If hindsight is 20/20, I believe that prominent movies of the past few months or year should be critically re-evaluated and put into the perspective of time. After ten years of chaotic development, last November saw the release of Steven Spielberg’s Lincoln. It received positive if not always glowing reviews, a decent box office take and, more recently, Daniel Day Lewis’s third Academy Award for best actor in a leading role. I saw the movie in theaters with my father, who is a historian in every way save professionally, and though we both liked it, our admiration is not without its caveats and exceptions.
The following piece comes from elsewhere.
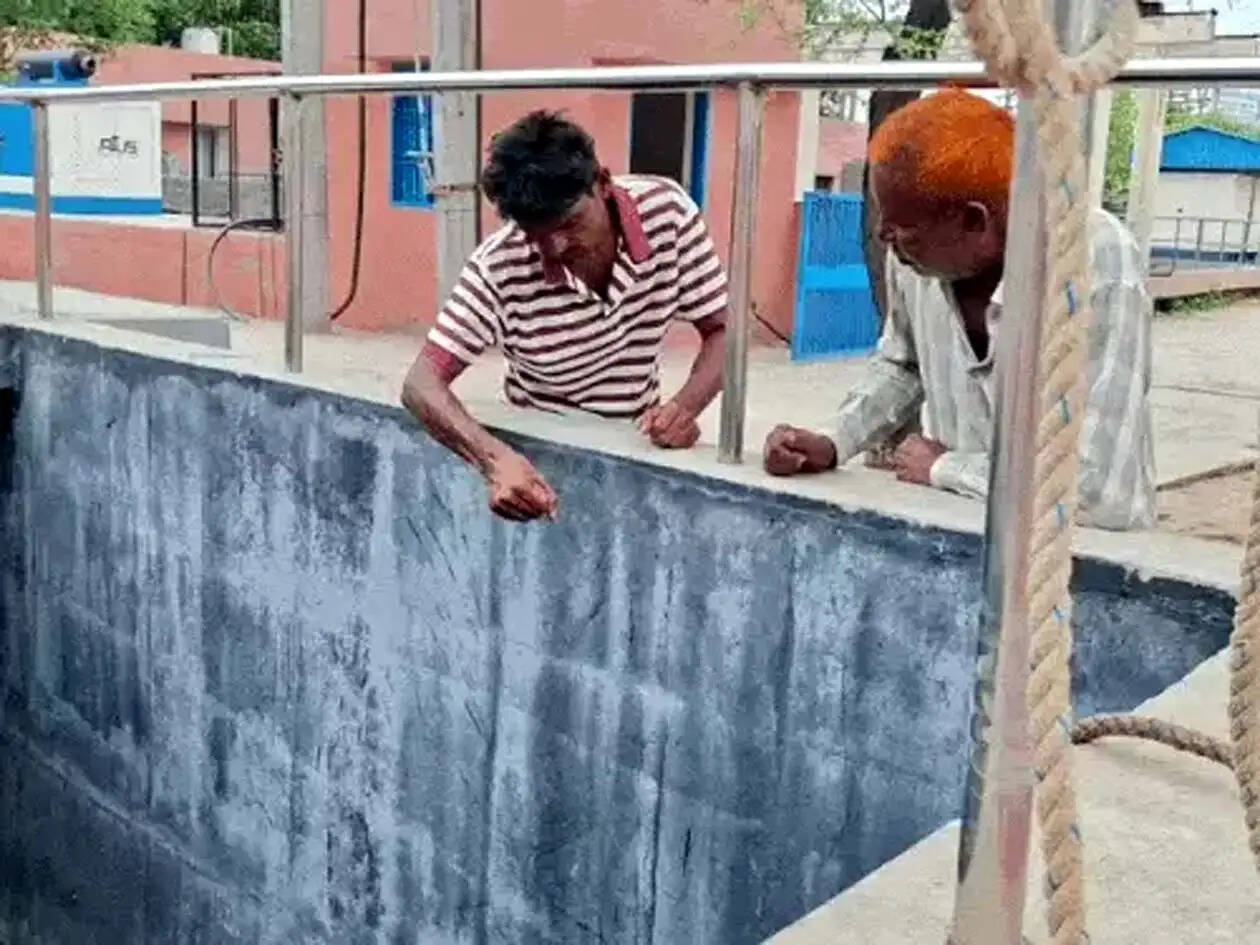 हिसार :एसटीपी की जहरीली गैस से टैंक में उतरे मजदूर की मौत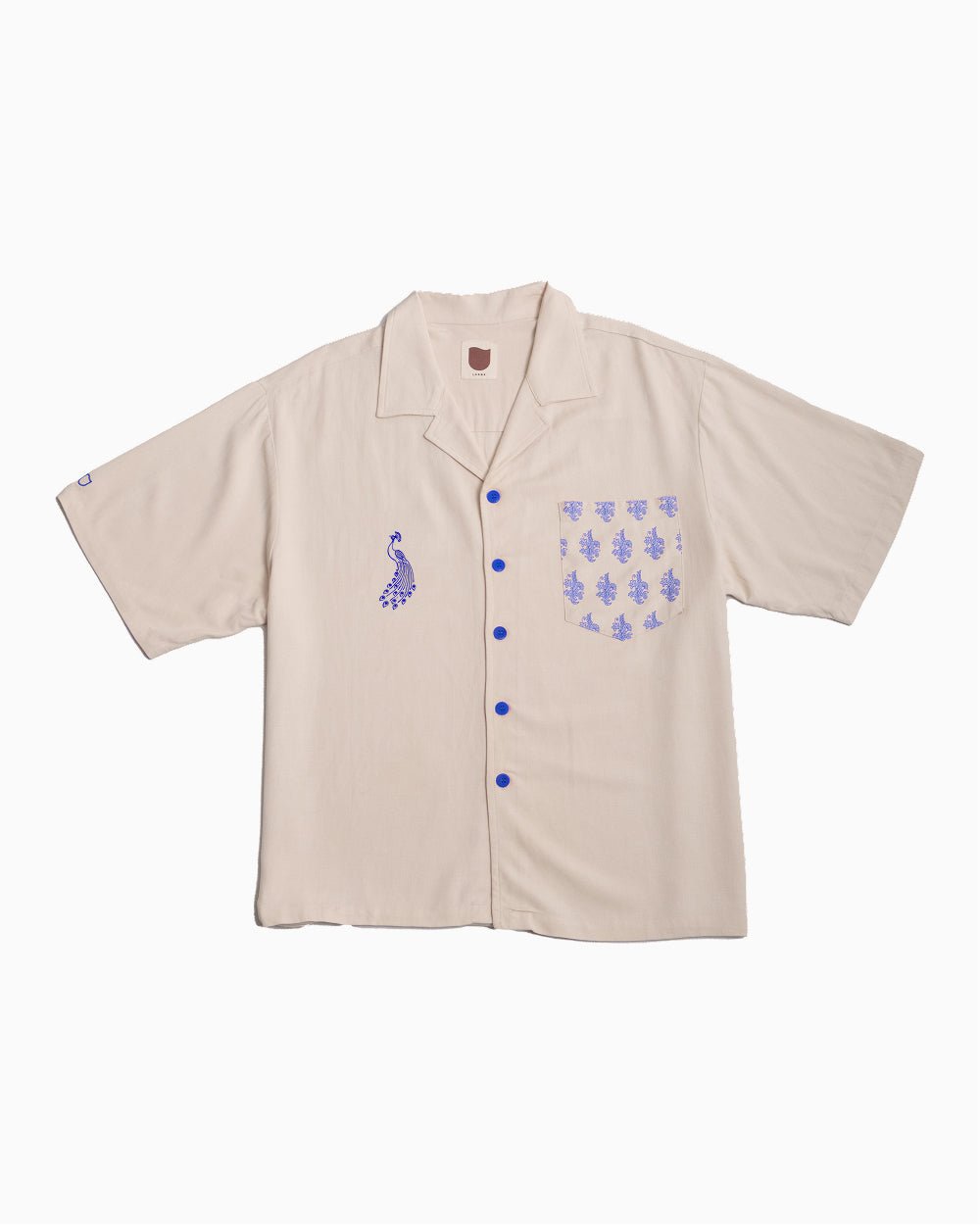 The Camp Collar Shirt - The Urban Indian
Lincoln is filled with incredible performances that only begin with Day-Lewis’ embodiment of the Great Emancipator, presented against the backdrop of Rick Carter’s production design of unparalleled richness, detail and faithfulness to the facts and spirit of the times and places that Lincoln knew and called home. Though not a straight adaptation, its focus on the president’s chaotic and troubled relationship with his cabinet during passage of the 13th Amendment to abolish slavery comes from popular historian Doris Kearns Goodwin’s book Team of Rivals, written halfway through the movie’s development and published after Spielberg seized the film rights. The end-result expertly humanizes and summarizes both the man and the president by using his means of pushing the amendment through and the actual accomplishment to reflect the persistence, morality and shrewd compromise that made Lincoln the successful leader we know of today. Spielberg’s strength as a director has always been expert storytelling without imposing a distinctly personal style, so the movie’s simple, understated photography and pacing allow us intimacy with the characters and their world. Unfortunately, the film is filled with many exceptions to key rules and understandings about good filmmaking.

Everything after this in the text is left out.